[Start of Attachment]

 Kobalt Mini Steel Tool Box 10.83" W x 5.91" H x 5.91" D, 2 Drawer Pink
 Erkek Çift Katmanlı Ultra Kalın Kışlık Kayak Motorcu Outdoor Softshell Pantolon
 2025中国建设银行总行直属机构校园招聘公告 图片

[End of Attachment]

EXERCISE PROMPT ::
Make an exact copy of the listing, including every line.

WORKED SOLUTION ::
 Kobalt Mini Steel Tool Box 10.83" W x 5.91" H x 5.91" D, 2 Drawer Pink
 Erkek Çift Katmanlı Ultra Kalın Kışlık Kayak Motorcu Outdoor Softshell Pantolon
 2025中国建设银行总行直属机构校园招聘公告 图片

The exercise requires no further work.